━━━ Data segment
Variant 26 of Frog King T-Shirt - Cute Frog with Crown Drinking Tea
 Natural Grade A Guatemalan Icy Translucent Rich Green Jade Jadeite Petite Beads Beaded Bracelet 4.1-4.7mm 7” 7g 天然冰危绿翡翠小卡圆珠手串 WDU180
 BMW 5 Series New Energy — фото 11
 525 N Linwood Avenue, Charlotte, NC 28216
━━━━━━
Write out each line of the data above again, exactly as given.

# The completed task
Variant 26 of Frog King T-Shirt - Cute Frog with Crown Drinking Tea
 Natural Grade A Guatemalan Icy Translucent Rich Green Jade Jadeite Petite Beads Beaded Bracelet 4.1-4.7mm 7” 7g 天然冰危绿翡翠小卡圆珠手串 WDU180
 BMW 5 Series New Energy — фото 11
 525 N Linwood Avenue, Charlotte, NC 28216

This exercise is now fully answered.